───── INFORMATION PROVIDED

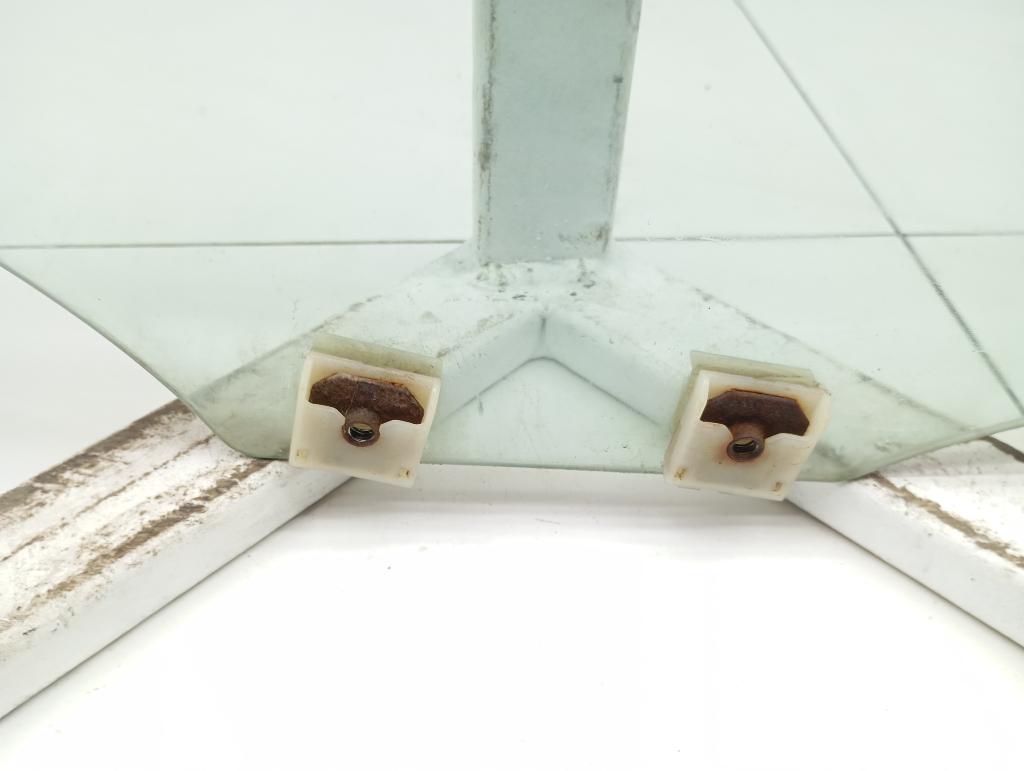 Стекло двери передней правой, 1500 рублей, Пермь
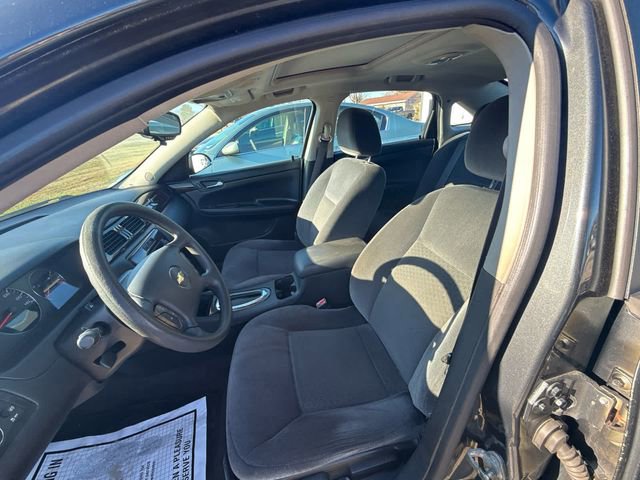 Used 2015 Chevrolet Impala LT w/ LT Sunroof Package FWD image 9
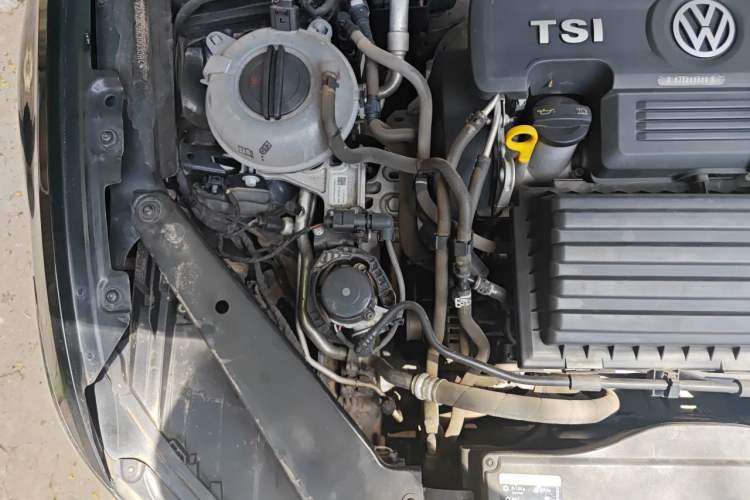 Used Volkswagen Magotan 2019 280TSI DSG Comfort Model China VI Standard Engine Bay Right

──────────

§ **WHAT THE TASK ASKS**:
What is needed is an exact copy of the data, with the pictures removed.

§ **EXERCISE OUTPUT**:
 Стекло двери передней правой, 1500 рублей, Пермь
 Used 2015 Chevrolet Impala LT w/ LT Sunroof Package FWD image 9
 Used Volkswagen Magotan 2019 280TSI DSG Comfort Model China VI Standard Engine Bay Right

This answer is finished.